Week Thirty: Biscuits
I’ve said it before, and I’ll say it again: I don’t think there’s a man, woman, or child in this country that doesn’t enjoy a good biscuit. But sometimes, you want something a bit more special, a bit more interesting than simply a plain biscuit, as good as it may be.
Enter the sweet potato biscuit. Known in the South for ages, the sweet potato biscuit has only fairly recently made its way above the Mason-Dixon line, charming palates and winning hearts all the way. The idea is simple: biscuit + sweet potato = sweet potato biscuit. But how such a simple addition can result in something so universally beloved, so scrumptious, is still a mystery.
Adding sweet potato to a biscuit adds a gorgeous orange hue and an earthy, lightly sweet flavor, one that goes perfectly with a slice of good ham and a spot of mustard or horseradish (or both). It also makes for a more tender biscuit, as it adds moisture, and – to a much lesser extent – the fibrous sweet potato helps shorten any strands of gluten that form. This is not license to over-knead or over-work your biscuit dough; but it does help a little, and every little bit helps with biscuits.
These biscuits are, of course, an excellent addition to any brunch menu, sunny, cheerful, and wholly welcoming, stacked high on a plate. But as good as they are with simply butter and a cup of coffee, they’re just as good used for more savory applications. Try serving them with a seared duck breast, perhaps with a bit of cranberry (or any other tart berry) sauce on the side. If you prefer your lily gilded, throw a pinch or two of cayenne pepper into the dough. Sweet potatoes and cayenne are best friends, and would be just heavenly topped with a blushing slice of duck. My mouth is watering!
Sweet Potato Biscuits
Makes about 16
1 large or 2 small sweet potatoes
3/4 to 1 cup cold milk, plus extra for brushing tops
5 tablespoons cold unsalted butter
8 ounces unbleached all-purpose flour
1 tablespoon baking powder
1/2 teaspoon salt
1. Preheat oven to 400° F. Pierce sweet potatoes a few times with a fork. Wrap tightly in aluminum foil, and bake for 45 minutes to 1 hour, or until very soft. Let cool, and remove skin.

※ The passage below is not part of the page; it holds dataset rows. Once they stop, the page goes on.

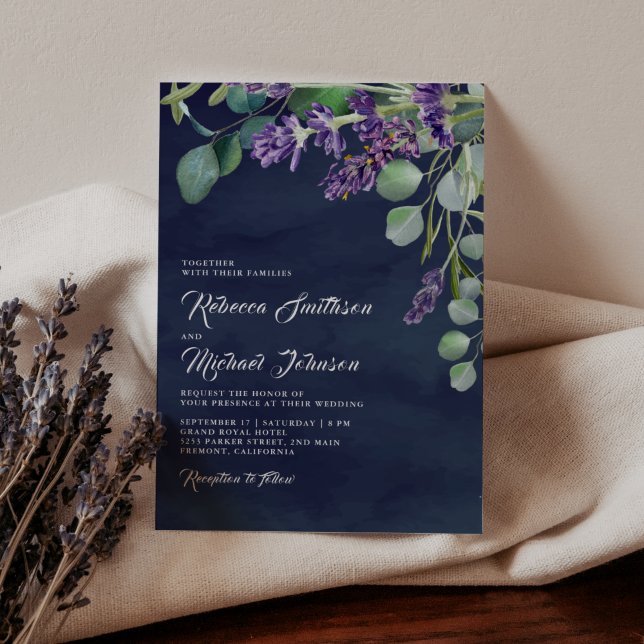 Rustikale Lavendel und Eukalyptus Navy Blue Weddin Einladung (Von Creator hochgeladen)
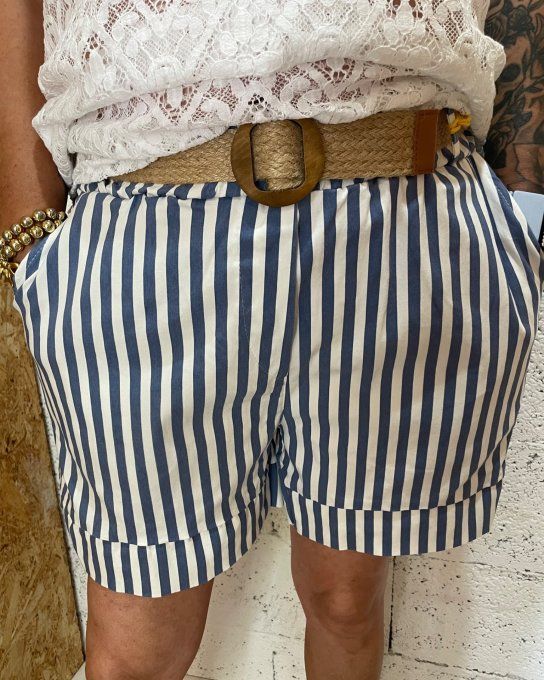 Short à rayures 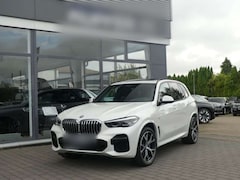 Bild des Angebotes BMW X5 xDrive30d M Sport 7Sitze Sthzg°AHK°Pano°ACC+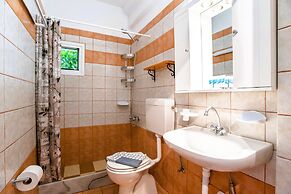 Kontaratos Studios & Apartments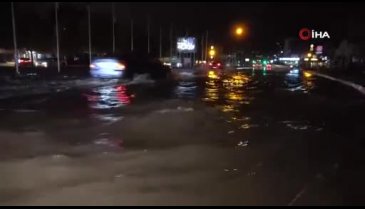 Bursa'da sağanak yağış hayatı olumsuz etkiledi! Rögarlar taştı, caddeler göle döndü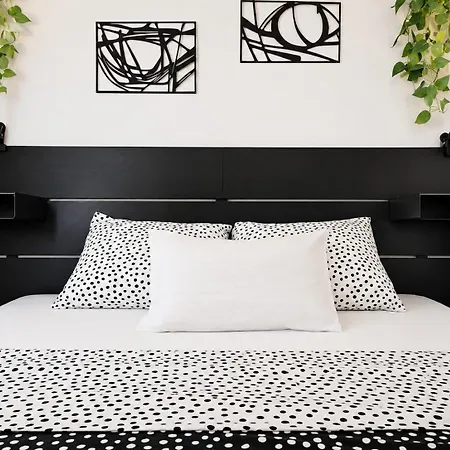 Renovated Skorin * Rogoznica (Sibenik-Knin)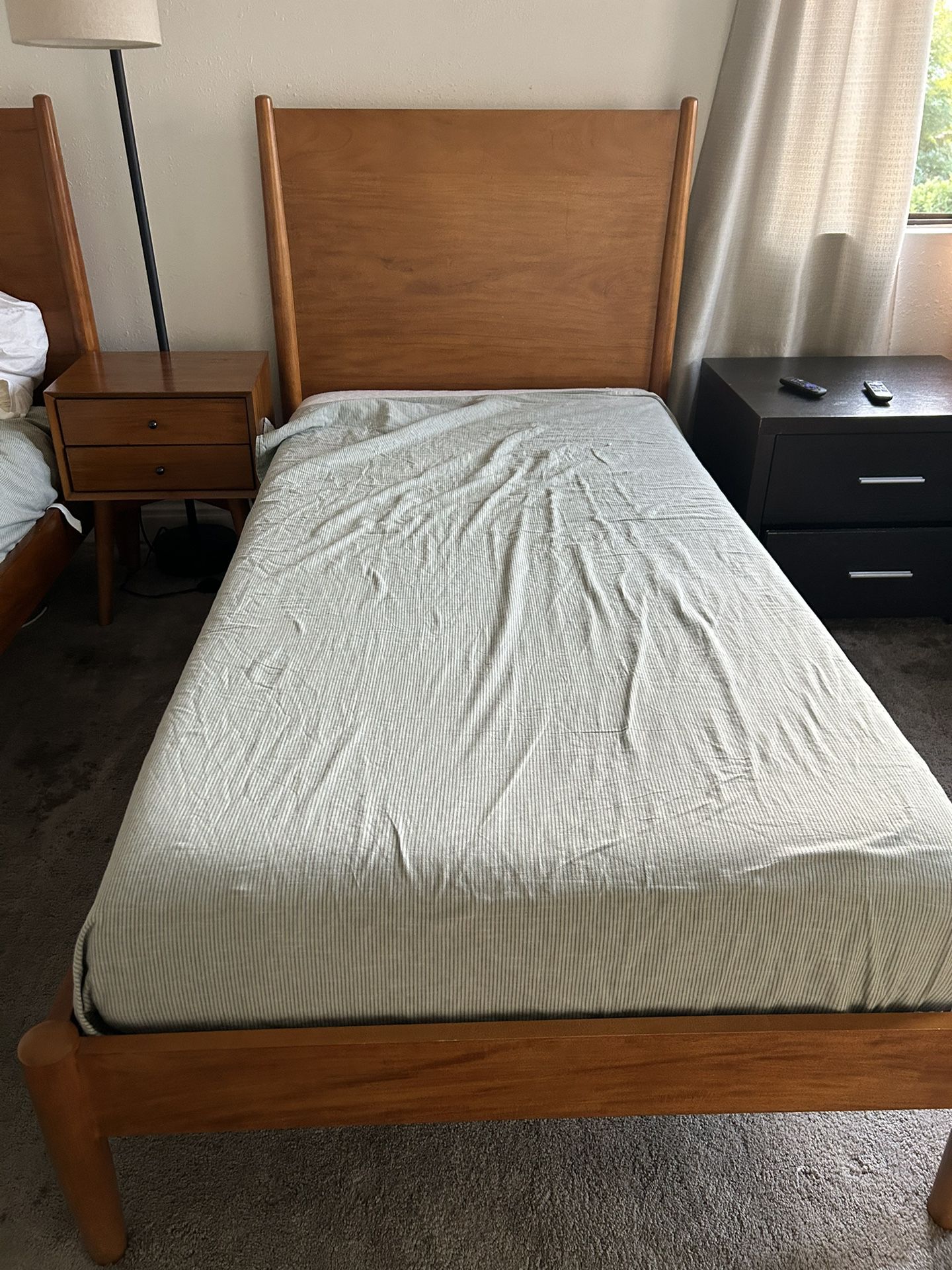 Twin Bed With Mattress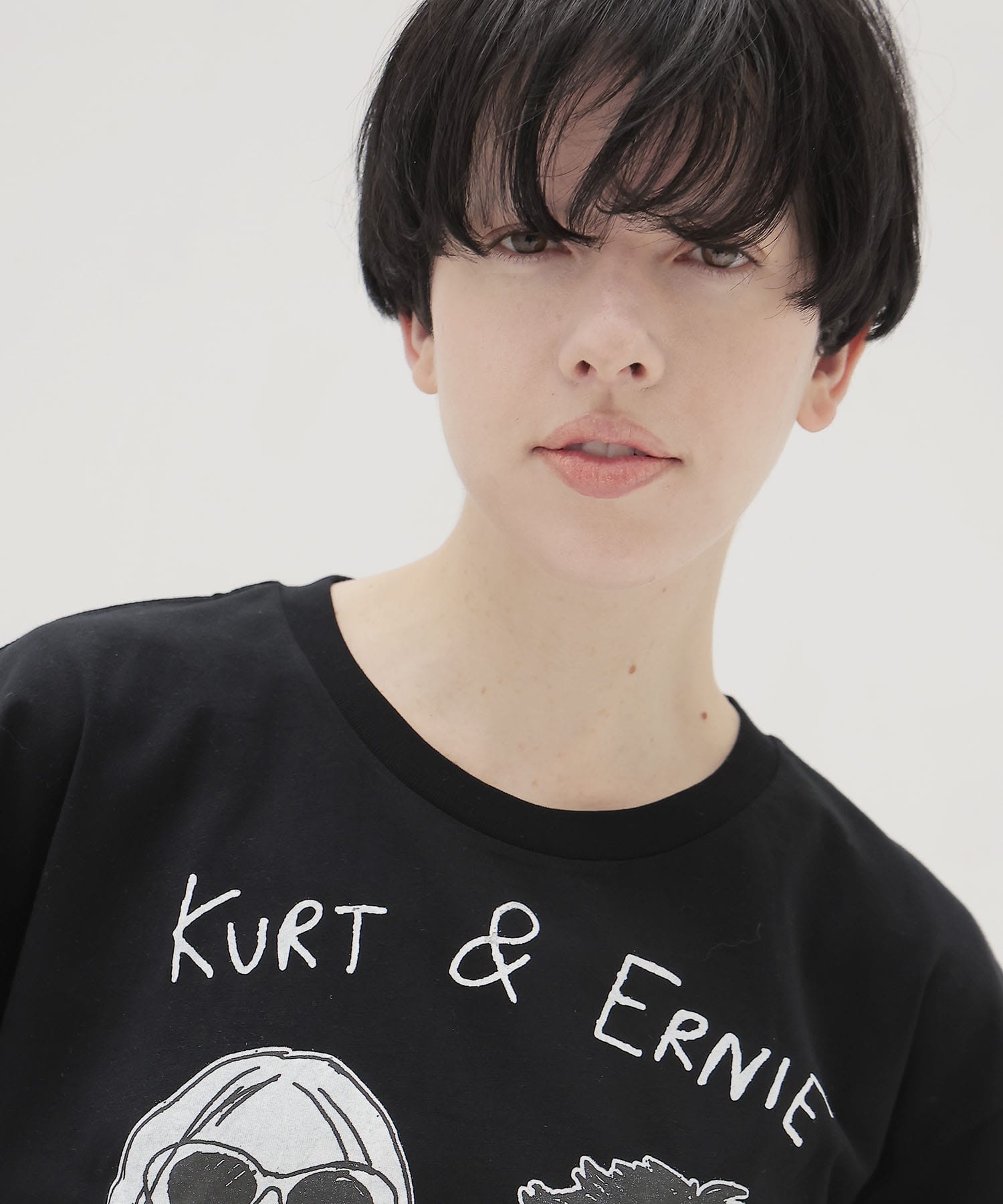 ＜BLACK SCORE＞KURT EMIE midriff tee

2. In a glass measuring cup, mash 1 cup of cooked sweet potato. Stir in the milk, a little at a time, until the mixture measures 1 3/4 cups. Place mixture in the refrigerator to chill while preparing other ingredients.
3. Grease a large baking sheet, or line with parchment paper. Cut the butter into as small pieces as possible. Pile loosely on a small plate and freeze while preparing remaining ingredients.

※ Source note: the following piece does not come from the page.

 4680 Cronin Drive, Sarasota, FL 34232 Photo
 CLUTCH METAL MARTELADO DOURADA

4. In a large bowl, whisk together the flour, baking powder, and salt. Add partly-frozen butter and moving quickly, toss and pinch butter into flour with fingertips, tossing the mixture around to be sure to reach all pieces of butter, until the mixture resembles coarse meal. Large flakes or pea-sized lumps are just fine.
5. Add the milk mixture to the flour mixture, and fold quickly but gently with a fork or nonstick spatula until all dry ingredients are moistened and a rough dough forms.
6. Turn the dough out onto a floured work surface. With floured hands, press the dough together into a cohesive mass. Liberally dust the top with flour, and fold the dough in half (you may need to use a bench scraper to help with this).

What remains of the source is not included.